Reading RISC-V specification is very fun and a totally normal hobby that’s not weird at all. Anyway there is an interesting remark in the specification of the newly ratified Zalasr extension for load-acquire and store-release:
The versions without the aq bit set are RESERVED.
LD.{AQ, AQRL}is RV64-only.The aq bit is mandatory because the two encodings that would be produced are not seen as useful at this time. … The version with only the rl bit would correspond to load-release. Load-release has theoretical applications in seqlocks, but is not supported in language-level memory models and so is not included.
There is a similar remark on S*.RL about store-acquire.
At first glance, load-release and store-acquire don’t even seem to make sense. However, it should be remembered that coherence has four flavors. The most obvious one is the write-read coherence, where a write is observed by a subsequent read. But we also have read-write coherence, where a read did not observe a subsequent write. Ignoring some troublesome details arising from mixed-size accesses, every memory address has a total order of all reads and writes. So it’s pretty natural to consider a load-release and store-acquire pair.
Seqlocks
To have a better understanding of the semantics of load-release and store-acquire, let’s take a look at a seqlock. Seqlocks are a variant of reader-writer locks that slightly prioritize writers more. The traditional reader-writer locks , which an older post took a look at, may suffer from writer starvation.
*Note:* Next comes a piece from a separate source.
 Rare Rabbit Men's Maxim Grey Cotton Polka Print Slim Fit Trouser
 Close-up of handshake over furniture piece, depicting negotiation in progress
Seqlocks flip the priority, so a write can always proceed at any time, and readers may live-lock.
The structure of a seqlock is very similar to an optimistic lock on the reader side, plus a normal mutex on the writer side:
// The sequence number
// - If odd, a write is in progress
// - If even, readers are safe to read
atomic<uint64_t> seq = 0;
void do_read() {
while (true) {
uint64_t begin = seq.load(std::memory_order_acquire);
if (begin & 1) {
// Write in progress
continue;
}
////////
// Read data
////////
// Release the lock
atomic_thread_fence(std::memory_order_acquire);
uint64_t end = seq.load(std::memory_order_relaxed);
if (end == begin) {
// No write happened during read
break;
}
}
}
void do_write() {
// Acquire lock. This is done by treating the low bit of seq as a mutex.
uint64_t orig;
while (true) {
orig = seq.load(std::memory_order_relaxed);
if (orig & 1) {
// Another writer in progress
continue;
}
bool updated = seq.compare_exchange_weak(
orig, orig + 1,
std::memory_order_relaxed,
std::memory_order_relaxed
);
if (updated) {
atomic_thread_fence(std::memory_order_release);
break;
}
}
////////
// Update data
////////
// Release the lock
seq.store(orig + 2, std::memory_order_release);
}
Notably, like any optimistic lock, the locking successfulness is (also) checked at the end of the critical section. This results in a load-release / store-acquire pair.[1]
However, since we don’t have load-release and store-acquire in the C++ memory model, we have to use two fences to emulate them.[2] This is really unfortunate, because from a hardware perspective, there is an opportunity to optimize load-release and store-acquire better than fences, i.e. add a load-wait-for-store control path for individual load-queue elements. Hardware can also just fallback to a fence. In fact, RISC-V already has some cursed stuff such as fence w,r.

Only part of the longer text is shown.